■ Instructions for the task ■
Print only the lines below from the one with "Hello everyone. Today" to the one with "Hello guys, welcome", both included, exactly as they stand. Leave pictures out.

■ Given data ■
───

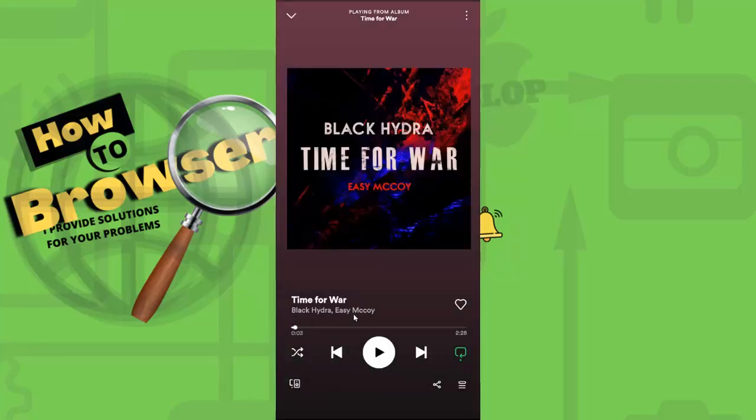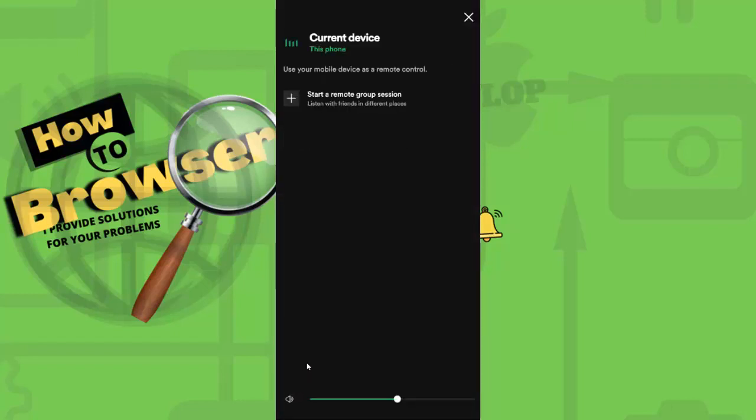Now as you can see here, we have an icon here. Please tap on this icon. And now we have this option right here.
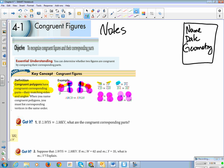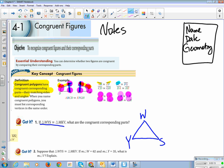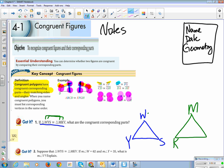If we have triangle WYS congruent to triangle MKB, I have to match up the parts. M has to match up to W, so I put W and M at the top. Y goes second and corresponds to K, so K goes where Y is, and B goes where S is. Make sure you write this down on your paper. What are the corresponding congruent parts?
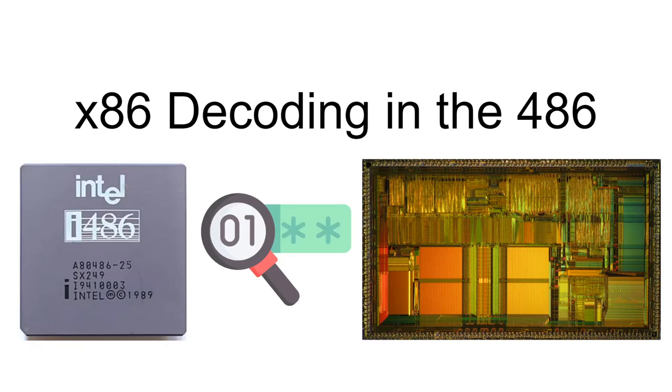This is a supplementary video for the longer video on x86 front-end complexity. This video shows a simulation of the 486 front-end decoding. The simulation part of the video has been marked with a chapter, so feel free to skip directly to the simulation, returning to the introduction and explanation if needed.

───

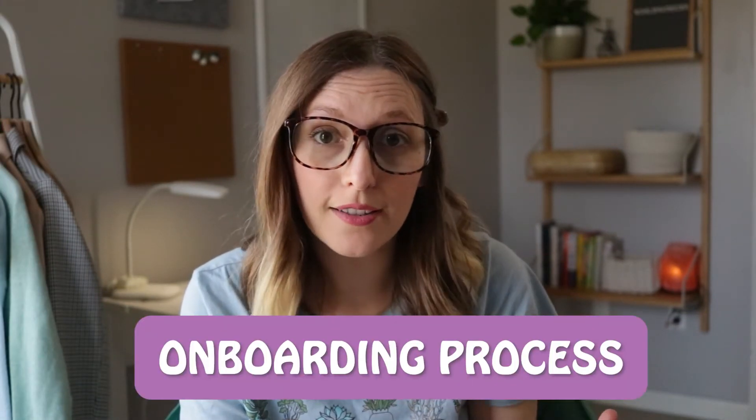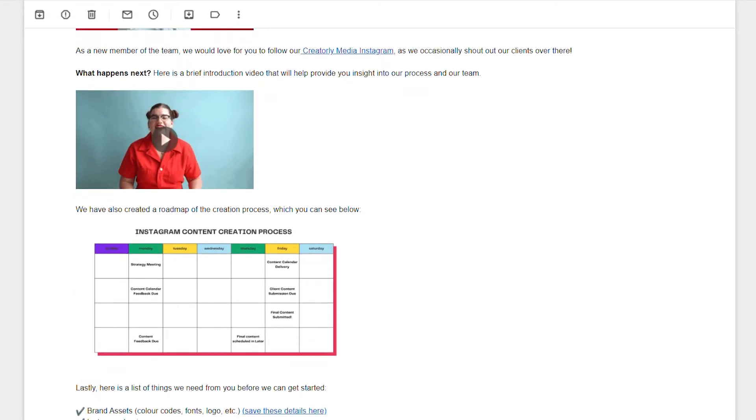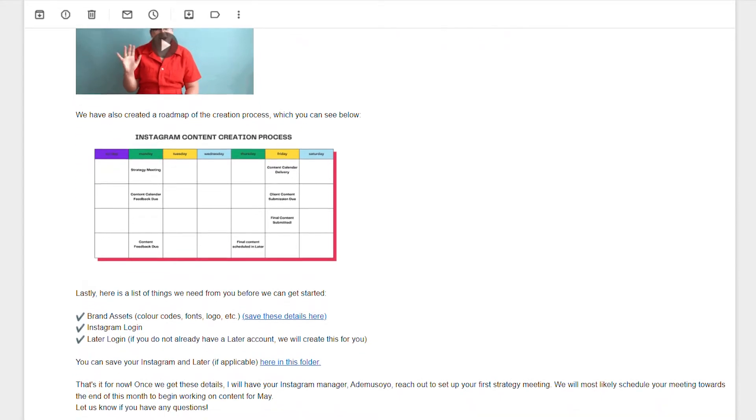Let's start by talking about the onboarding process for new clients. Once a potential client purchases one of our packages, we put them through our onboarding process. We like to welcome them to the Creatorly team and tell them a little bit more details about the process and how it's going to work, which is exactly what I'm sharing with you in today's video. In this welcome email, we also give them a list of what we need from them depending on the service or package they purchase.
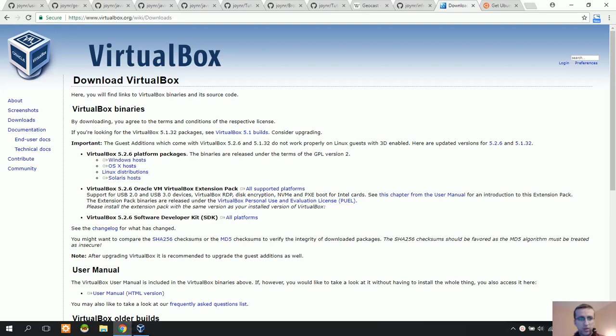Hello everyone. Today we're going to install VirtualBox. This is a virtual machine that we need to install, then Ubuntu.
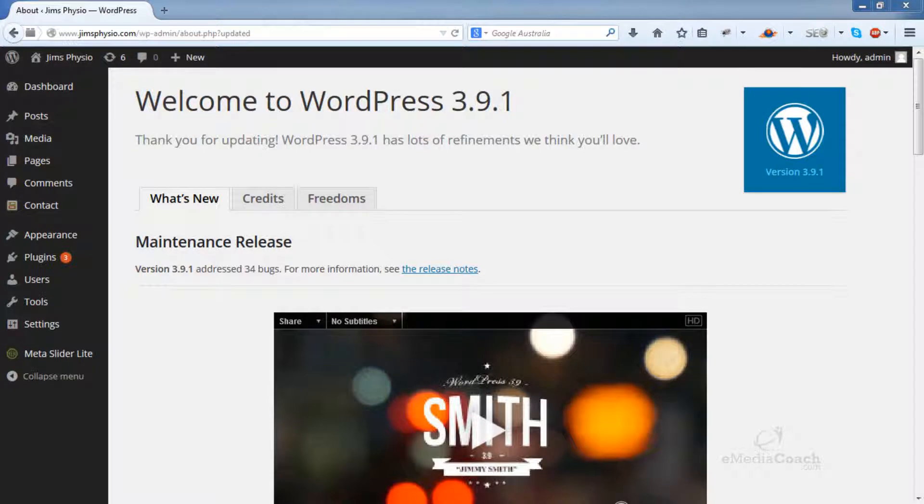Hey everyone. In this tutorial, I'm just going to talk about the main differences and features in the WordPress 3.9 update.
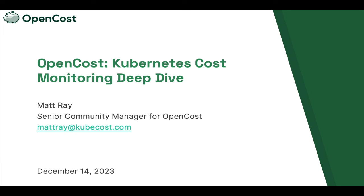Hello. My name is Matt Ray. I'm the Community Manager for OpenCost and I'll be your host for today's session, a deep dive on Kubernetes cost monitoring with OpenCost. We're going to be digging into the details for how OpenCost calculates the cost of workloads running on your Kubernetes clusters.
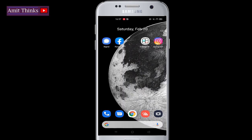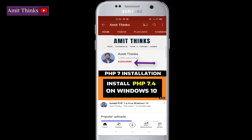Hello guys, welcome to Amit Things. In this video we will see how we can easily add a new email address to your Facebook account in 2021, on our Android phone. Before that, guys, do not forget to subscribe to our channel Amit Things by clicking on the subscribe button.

───

■ Written reply ■
Hello everyone. Today we're going to install VirtualBox. This is a virtual machine that we need to install, then Ubuntu.
Hey everyone. In this tutorial, I'm just going to talk about the main differences and features in the WordPress 3.9 update.
Hello. My name is Matt Ray. I'm the Community Manager for OpenCost and I'll be your host for today's session, a deep dive on Kubernetes cost monitoring with OpenCost. We're going to be digging into the details for how OpenCost calculates the cost of workloads running on your Kubernetes clusters.
Hello guys, welcome to Amit Things. In this video we will see how we can easily add a new email address to your Facebook account in 2021, on our Android phone. Before that, guys, do not forget to subscribe to our channel Amit Things by clicking on the subscribe button.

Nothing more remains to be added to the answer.